Sono due persone, Martin e Jamie, che si sono salvate a vicenda.
Che si sono trovate l’uno negli occhi dell’altro. Nei gesti, nelle parole, ma alla fine a fregarti sono sempre gli occhi di una persona. Sono lo specchio dell’anima. E quando la tua anima è a pezzi, una persona come Martin non può far altro che prenderti e rimettere tutto insieme, con calma, con i sentimenti, con i gesti e le attenzioni. Con i dettagli, che Jamie non ha mai avuto. Con l’amore, che Jamie non ha mai conosciuto oltre a quello di Riley.
Ma voler far sempre star bene gli altri, aiutarli mettendo da parte se stessi, non porta comunque alla propria auto distruzione? Quando capisci che è il momento di mollare o, invece, di continuare a lottare? Quando guardi quella persona negli occhi e vorresti dirgli ciò che provi ma sai, dentro di te, che dirlo sarebbe la fine di tutto, che altro puoi fare, a parte tenerti tutto dentro e morire giorno dopo giorno? Quanto puoi tenere duro?

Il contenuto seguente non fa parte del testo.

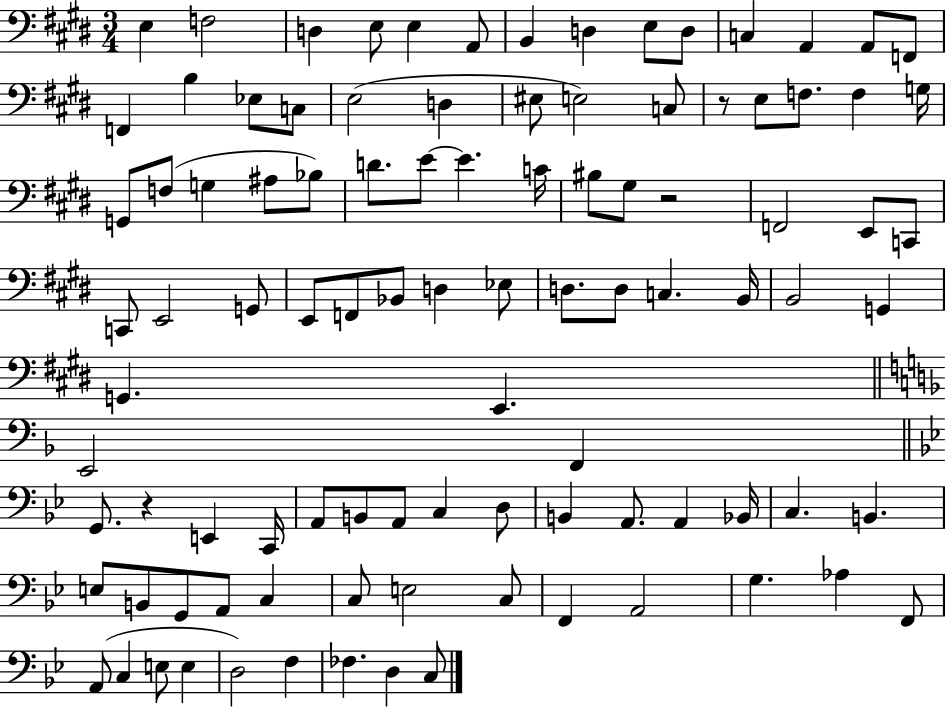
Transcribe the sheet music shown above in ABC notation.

X:1
T:Untitled
M:3/4
L:1/4
K:E
E, F,2 D, E,/2 E, A,,/2 B,, D, E,/2 D,/2 C, A,, A,,/2 F,,/2 F,, B, _E,/2 C,/2 E,2 D, ^E,/2 E,2 C,/2 z/2 E,/2 F,/2 F, G,/4 G,,/2 F,/2 G, ^A,/2 _B,/2 D/2 E/2 E C/4 ^B,/2 ^G,/2 z2 F,,2 E,,/2 C,,/2 C,,/2 E,,2 G,,/2 E,,/2 F,,/2 _B,,/2 D, _E,/2 D,/2 D,/2 C, B,,/4 B,,2 G,, G,, E,, E,,2 F,, G,,/2 z E,, C,,/4 A,,/2 B,,/2 A,,/2 C, D,/2 B,, A,,/2 A,, _B,,/4 C, B,, E,/2 B,,/2 G,,/2 A,,/2 C, C,/2 E,2 C,/2 F,, A,,2 G, _A, F,,/2 A,,/2 C, E,/2 E, D,2 F, _F, D, C,/2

«Siamo amici, siamo come fratelli. Fai parte di noi e niente potrà mai cambiare questo. Pensa a noi come a una delle piaghe d’Egitto.»
«Questo non è difficile. E poi voi le rappresentereste tutte.»

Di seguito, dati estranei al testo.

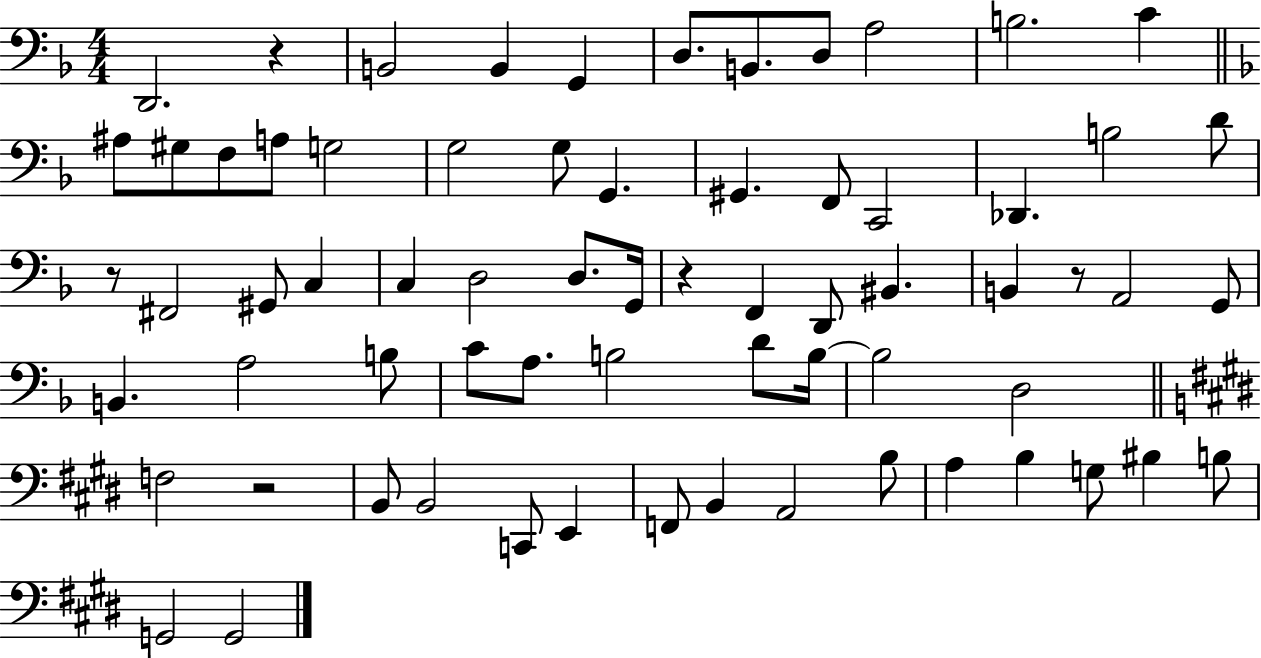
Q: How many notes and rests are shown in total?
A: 68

«Ecco, noi siamo le tue piaghe, le piaghe di Jamie e tu non puoi eliminarci.»
«Lo sai che questa associazione non vi fa onore?»Riley dice.
«Non importa, basta che lui abbia capito cosa voglio dire.»
E purtroppo per me, l’ho capito sul serio.

E quanto posso resistere io, una semplice lettrice, prima di mettermi a piangere? Perché quando hanno fatto la loro apparizione i ragazzi della Four Days Series…ho sorriso tantissimo. E’ stato un modo per non dimenticare, per intrecciare due grandi famiglie che abbiamo amato tantissimo (perché sono sicura di non essere l’unica).
Gli O’Connor si sono dimostrati per ciò che sono davvero: Ian la calma, la ragione. Nick, la spina nel fianco ma anche l’unico capace di spronarti come nessun altro a dare il meglio di te. E Ryan. Ormai avrete capito che, per quanto bambinone, per quanto stupido a volte o troppo impulsivo, è il mio preferito dei fratelli. Ryan è il cuore della famiglia. E lo ha dimostrato davvero, in questo libro. Ha dimostrato tutto l’amore che ha dentro, persino per le persone che non sopporta. E, ormai, io penso di poter definire Evan la roccia. Evan, sin dalla sua prima apparizione, è diventato uno di quei personaggi secondari necessari. Uno di quei personaggi che, se non vedi nominato, inizi a chiederti dove possa averlo mandato l’autore. Evan ha solo 18 anni, ma è così maturo e diretto (forse troppo) che non dimostra affatto la sua età. E ha un cuore enorme, come Martin, come Chris e come Ryan. Come ogni personaggio di questa scrittrice meravigliosa.
Non posso fare a meno di sperare per un libro su Evan, di rivedere ancora i fratelli, il Campione e il Dottore. I genitori O’Connor, che hanno un ruolo più marginale, ma sono unici. Per condividere ancora la felicità di questa famiglia, per respirare con loro l’aria di Dublino e, chissà, per innamorarmi ancora di più di ognuno di loro.